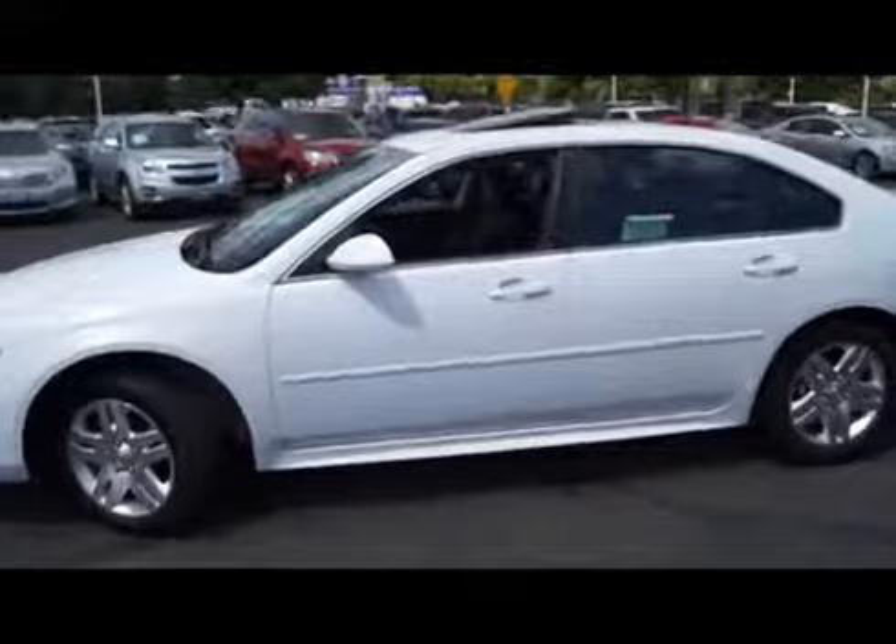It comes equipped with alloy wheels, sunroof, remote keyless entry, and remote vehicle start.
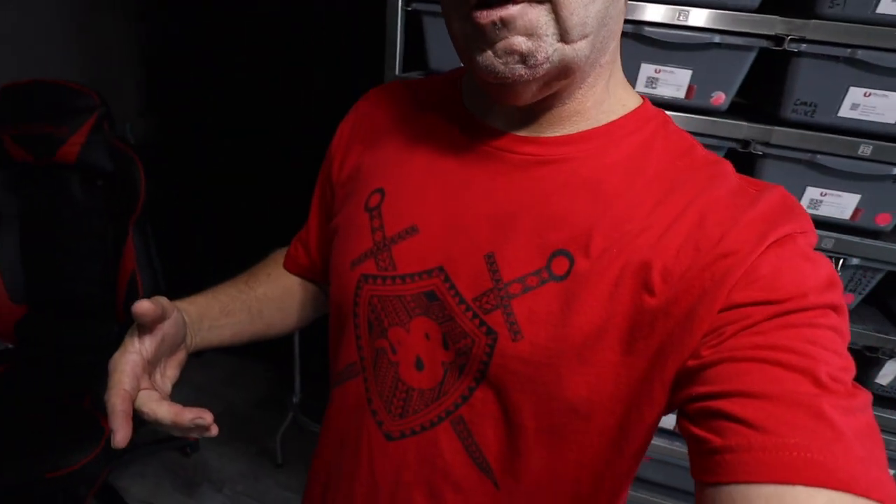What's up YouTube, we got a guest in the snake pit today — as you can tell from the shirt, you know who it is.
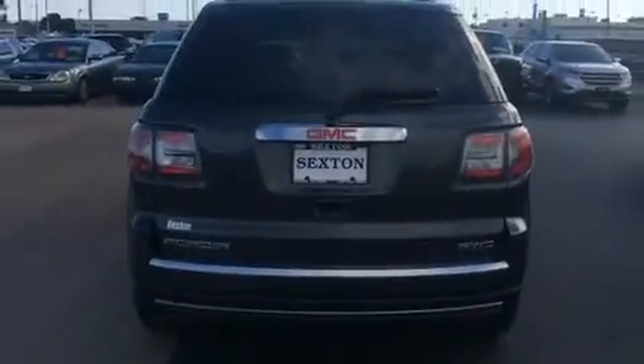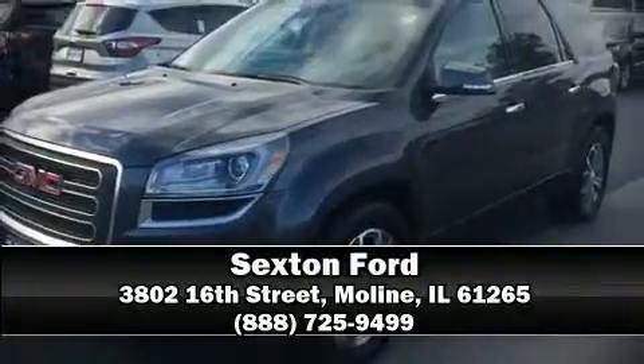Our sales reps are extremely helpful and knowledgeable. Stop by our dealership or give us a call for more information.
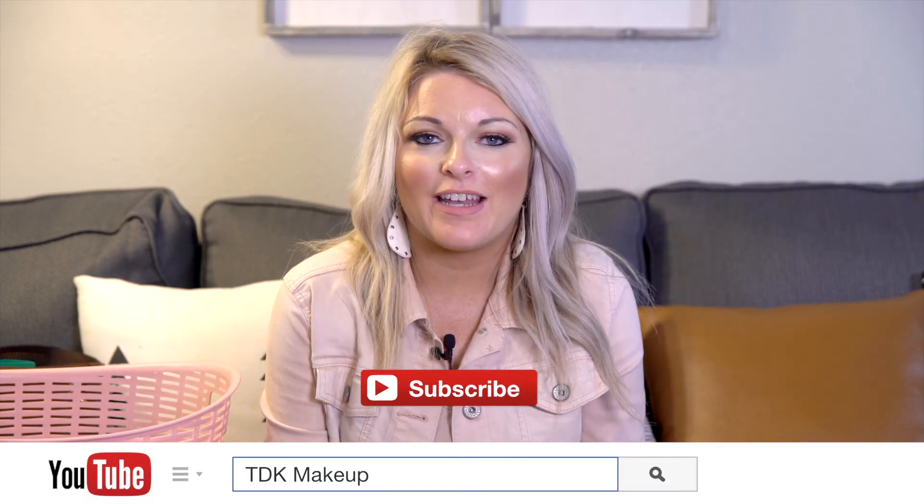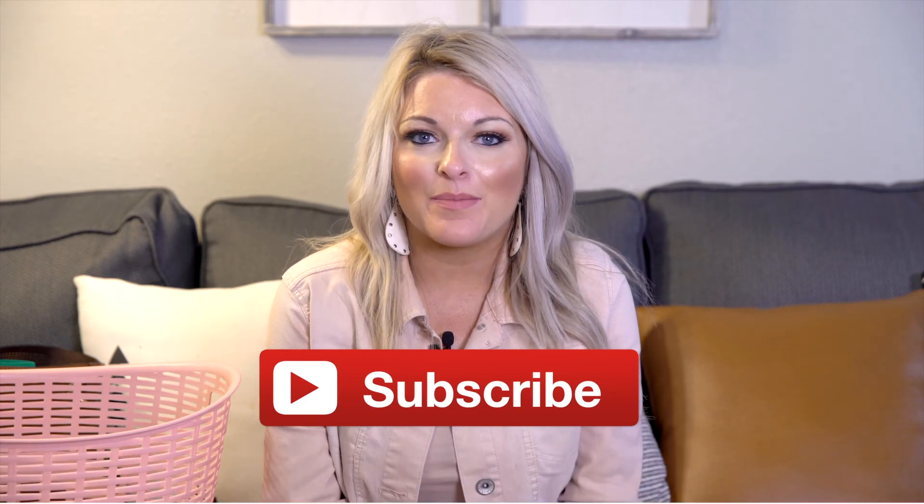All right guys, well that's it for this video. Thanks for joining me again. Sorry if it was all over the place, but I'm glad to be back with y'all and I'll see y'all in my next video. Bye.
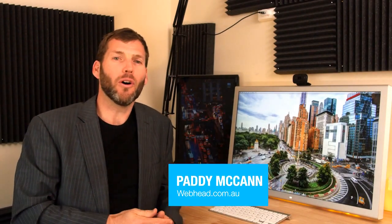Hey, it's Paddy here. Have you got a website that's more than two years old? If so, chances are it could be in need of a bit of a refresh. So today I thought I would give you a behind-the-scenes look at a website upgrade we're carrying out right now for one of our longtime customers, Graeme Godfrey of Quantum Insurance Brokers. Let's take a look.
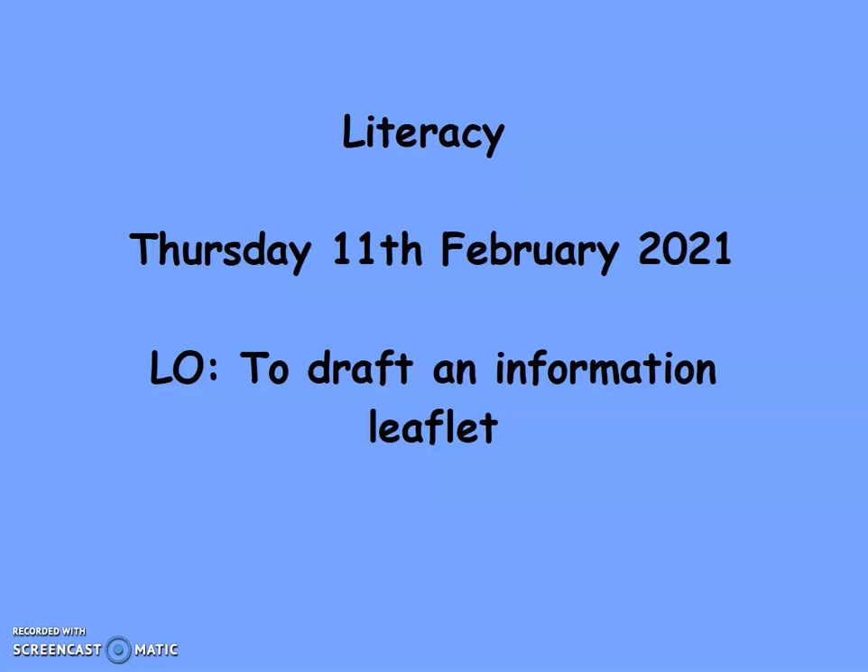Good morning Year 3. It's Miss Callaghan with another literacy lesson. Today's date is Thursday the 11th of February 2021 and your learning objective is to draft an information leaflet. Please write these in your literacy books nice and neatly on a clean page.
--- --- ---
Each record must be set down again without alteration, and no picture may be carried over.

> [Reply to the task]:
It comes equipped with alloy wheels, sunroof, remote keyless entry, and remote vehicle start.
What's up YouTube, we got a guest in the snake pit today — as you can tell from the shirt, you know who it is.
Our sales reps are extremely helpful and knowledgeable. Stop by our dealership or give us a call for more information.
All right guys, well that's it for this video. Thanks for joining me again. Sorry if it was all over the place, but I'm glad to be back with y'all and I'll see y'all in my next video. Bye.
Hey, it's Paddy here. Have you got a website that's more than two years old? If so, chances are it could be in need of a bit of a refresh. So today I thought I would give you a behind-the-scenes look at a website upgrade we're carrying out right now for one of our longtime customers, Graeme Godfrey of Quantum Insurance Brokers. Let's take a look.
Good morning Year 3. It's Miss Callaghan with another literacy lesson. Today's date is Thursday the 11th of February 2021 and your learning objective is to draft an information leaflet. Please write these in your literacy books nice and neatly on a clean page.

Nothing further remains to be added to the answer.